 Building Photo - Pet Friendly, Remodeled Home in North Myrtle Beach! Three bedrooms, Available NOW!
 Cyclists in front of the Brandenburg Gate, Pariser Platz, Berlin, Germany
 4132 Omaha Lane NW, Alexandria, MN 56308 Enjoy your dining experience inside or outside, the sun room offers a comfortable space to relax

---

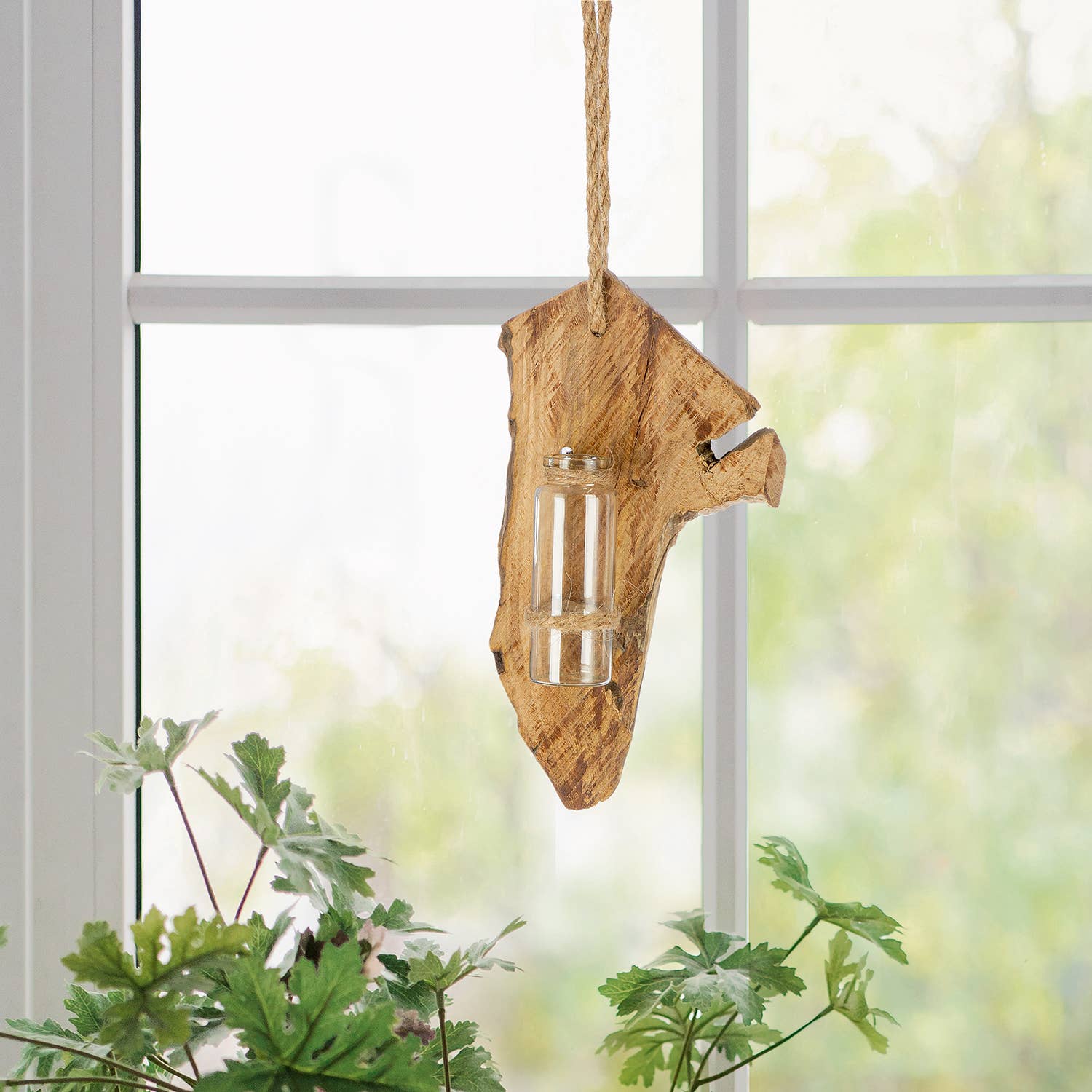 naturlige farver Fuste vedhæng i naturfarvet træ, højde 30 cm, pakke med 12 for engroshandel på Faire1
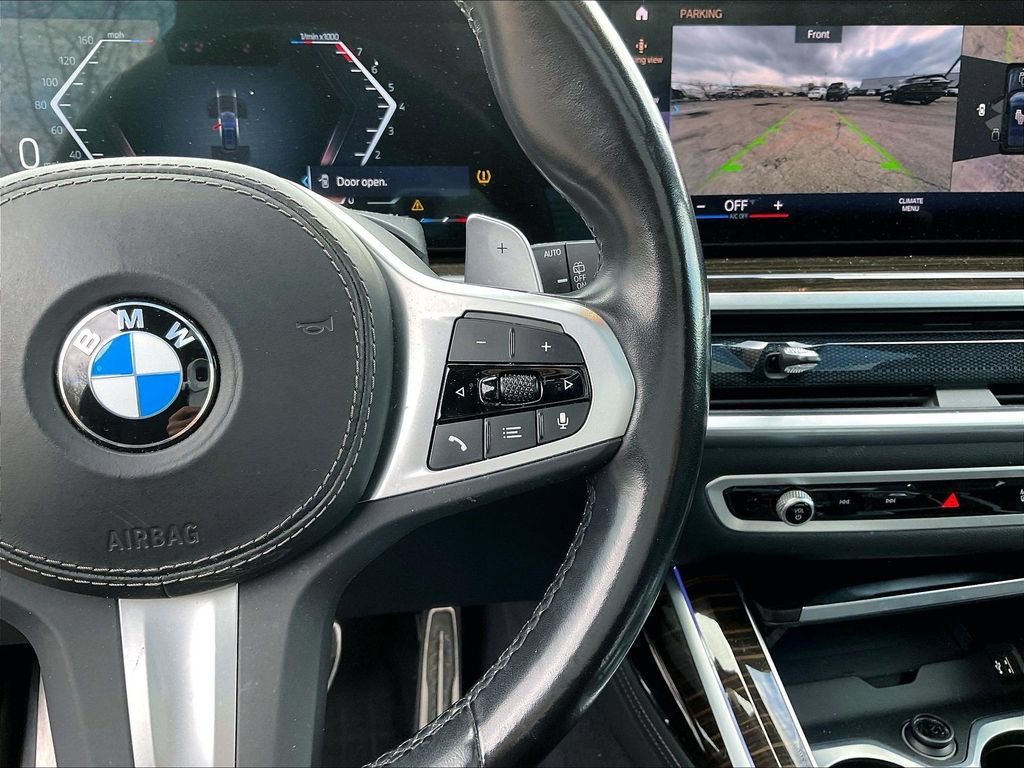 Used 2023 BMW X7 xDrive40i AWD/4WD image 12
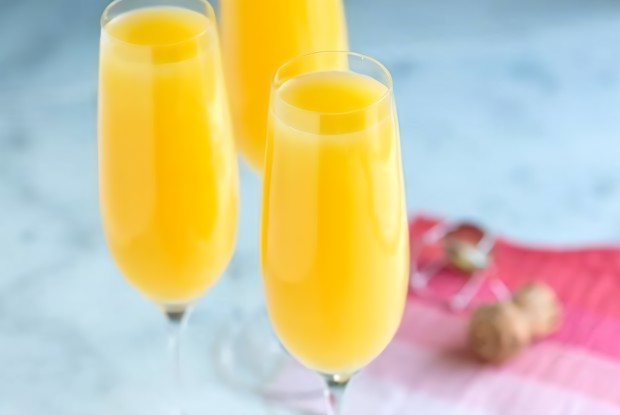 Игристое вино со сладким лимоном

* [Required work]:
Among the records above, only the lines between the line holding "Building Photo - Pet" and the line holding "4132 Omaha Lane", inclusive, are to be output, exactly as written.

* [Exercise output]:
 Building Photo - Pet Friendly, Remodeled Home in North Myrtle Beach! Three bedrooms, Available NOW!
 Cyclists in front of the Brandenburg Gate, Pariser Platz, Berlin, Germany
 4132 Omaha Lane NW, Alexandria, MN 56308 Enjoy your dining experience inside or outside, the sun room offers a comfortable space to relax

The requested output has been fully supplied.